Çevrecilik tam da budur. Sermaye merkezli ve sermayenin çıkarı amaçlı yaşamı planlamak. Yaptığı işten çevreci olduğu anlaşılıyor.
Beyimiz ekolojisttim diyemez ama!
Yani, yaşamın sürdürülmesini merkeze koyamaz! Hiyerarşi olmadan, türcülük yapmadan, tüm canlıların yaşam hakkını amasız fakatsız savunamaz.
Kahramanımız, acaba şehrimizi mi seviyor yoksa sermayeyi mi?
Sesini yükseltti de biz mi duymadık? Partisinin zamanın Çevre Bakanı Veysel Eroğlu’nun Efemçukuru altın madenini Kanadalı şirket adına savunurken nerelerdeydi? Üç yüz bin kişinin gereksinimini karşılayacak Çamlı Barajı’nı partisi engellerken, bunun için “ahlâksız teklif” yapılırken Belediye Meclisinde haykırdı mı? “Hayır, bu baraj İzmir için gerekli!” diyebildi mi?
Yoksa partisinin Çevre Bakanı gibi o da “Kanadalı şirket Uluslararası Tahkime gider ve Türkiye’yi mahkûm ettirir?” mi diyenlerden miydi?
Bergama’da ekolojistler Eurogold altın şirketine direnirken, taşlı sopalı saldırı tuzağına düşürülürken de oralarda göremedik kendisini.
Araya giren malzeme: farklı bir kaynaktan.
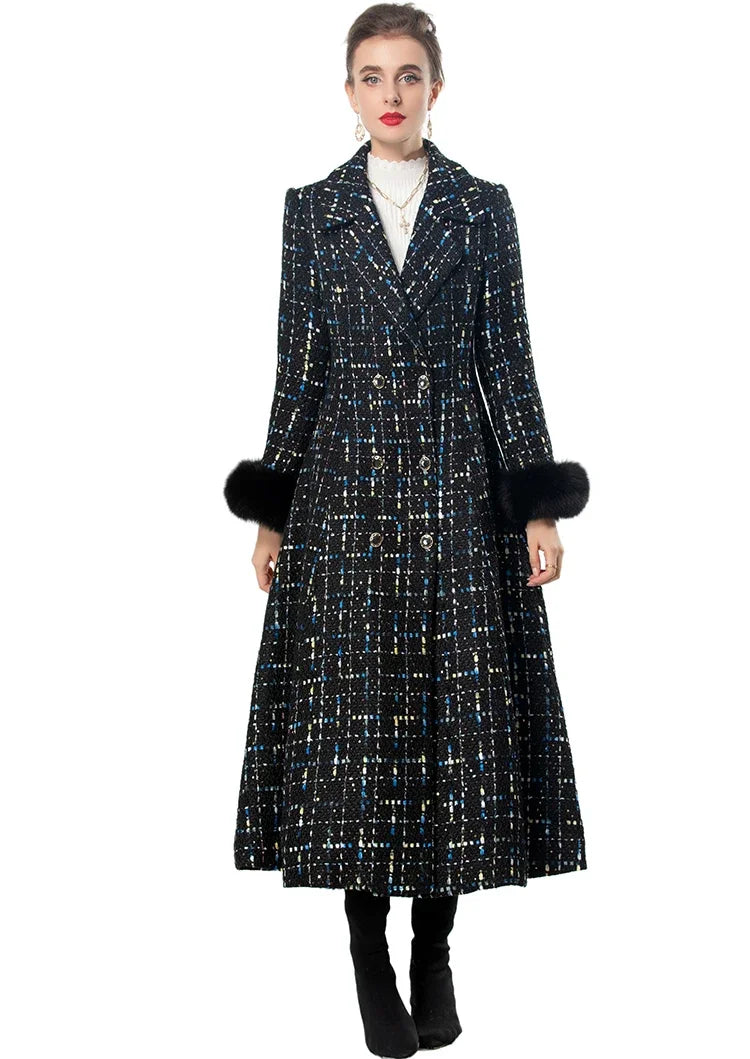 YONA Coat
Biz korkmadan, yılmadan, usanmadan, yaşamdan vazgeçmeden ülkemizi savunurken nerelerdeydi bu beyefendi?
İzmir’de kentdelenler yapılıp kentin hava sirkülasyonu bozulurken ve hava kirliliğinin artmasına neden olan gayrimenkul şirketinin Belediye Meclisindeki görevlisi değiliz biz!
Bergama’da, Efemçukuru’nda, Çeşme Yarımadası’nda, Kazdağları’nda, Turgutlu Çaldağı’nda, Aydın’ da, Aliağa’da, Diyarbakır’da, Tunceli’de, Kayseri’de; ülkemizin hangi yaşam alanında hangi tür ekolojik sorun yaratılmak isteniyorsa oralardaydık ve yaşamları savunuyorduk.
Hani bizlere karşı lâf ederken bunları bir düşünsün derim.
Beyzademiz Tower, Kule, Plaza inşaatlarının iş takibi için görevli olduğu yerde konuşurken biz yaşam savunmasındaydık. Hiçbir çıkar, alkış, aferin falan beklemeden. Çünkü bizim yaşamımızın anlamı vardı ve bu varlık içinde yerini, işlevini bilerek yaşamı savunmaktı.
Kendisini, sağlıklı yerel politikaların, işlerin yapılmasını önleyen partisine değil de haksız eleştirdiği “çevreciler” ve CHP’ye emanet ediyorum.